After the Arizona Republic reported on July 23 that Bennett had been taking to the auditors, he was locked out of the ballot count at a Phoenix warehouse. Trump held a rally in the city the next day. Two days later, on Monday, July 26, Bennett told KFYI's Harris that he could not continue as Senate liaison.
Bennett said there were serious election administration issues that the review has discovered that needed to be explained and addressed before future elections. Thousands of ballots from members of the military and citizens overseas had not been properly labeled when duplicated (after they came in by e-mail), he said.

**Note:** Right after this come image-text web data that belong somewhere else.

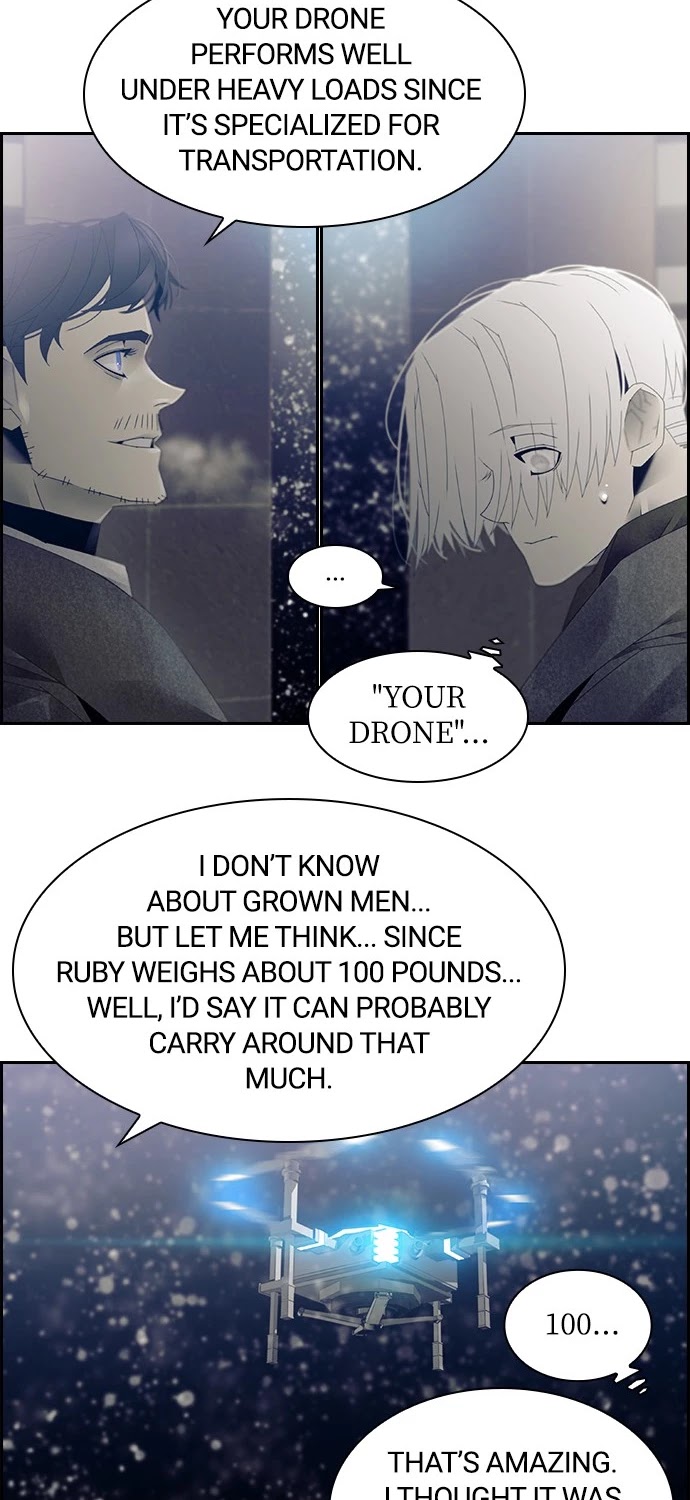 Tacit Chapter 18 page 5 - Chapter 18: Episode 18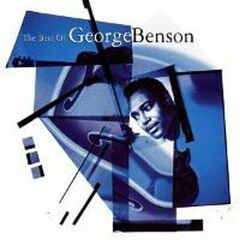 Best Of George Benson (CD)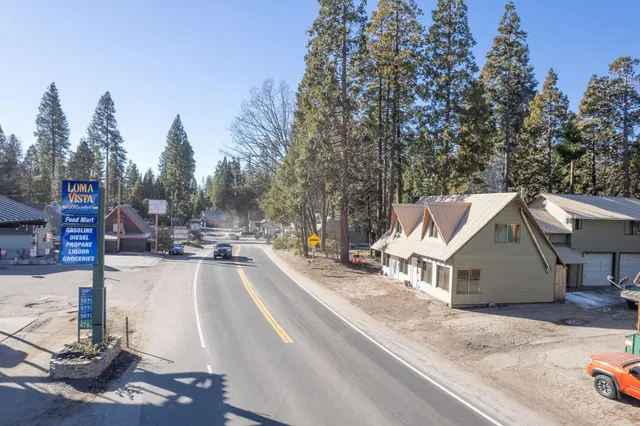 $799,000 | 41798 Tollhouse Road, Shaver Lake, CA 93664
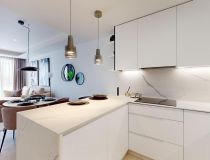 New build - Lägenhet - Orihuela Kusten - Lomas de Cabo Roig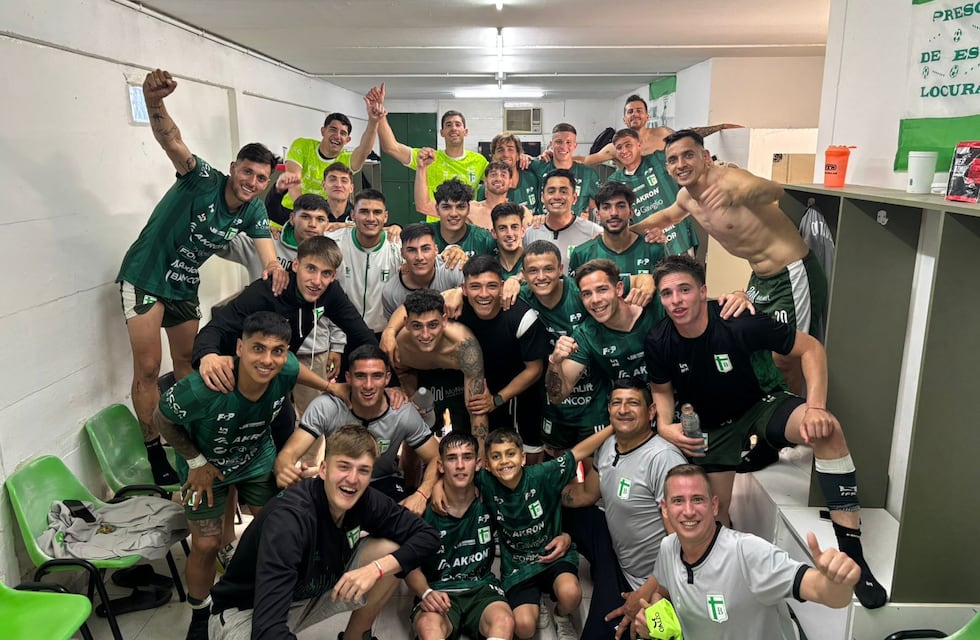 Sportivo Belgrano ganó y jugará con Atlético Rafaela las semifinales del Federal A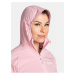 Ružová dámska softshellová bunda Kilpi Neatril-W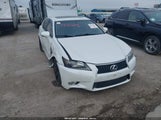 Lexus Gs 350 JTHBE1BL3D5028714 снимка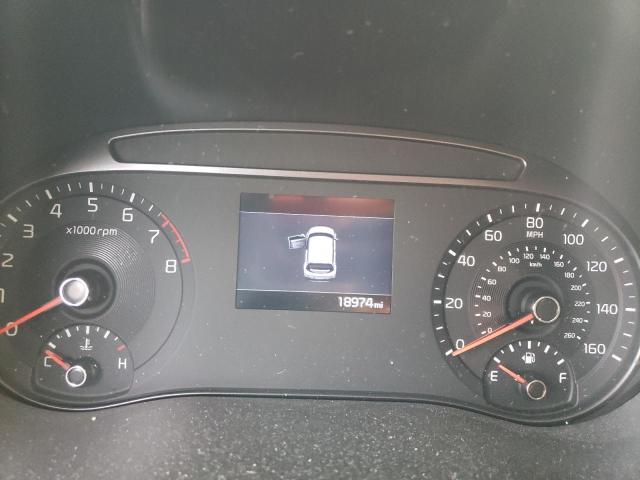 2020 KIA SOUL EX KNDJ33AU2L7047279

Some volume of mailed-in ballots that were counted did not have signatures on their outside envelopes and should have been disqualified, he said.
Bennett said that he wanted to investigate these problems and conduct another audit that compared the digital images taken of every ballot by scanners with the county's official spreadsheet of each ballot's votes. The interview concluded with Harris asking Bennett what needed to happen for him to stay on.
"The answer is there are key aspects of the audit that are not even part of the scope of work assigned to Cyber Ninjas," Bennett said. "Some of those other things need to be done independently of Cyber Ninjas, and maybe I can be a coordinator of those other aspects, not done within Cyber Ninjas' realm."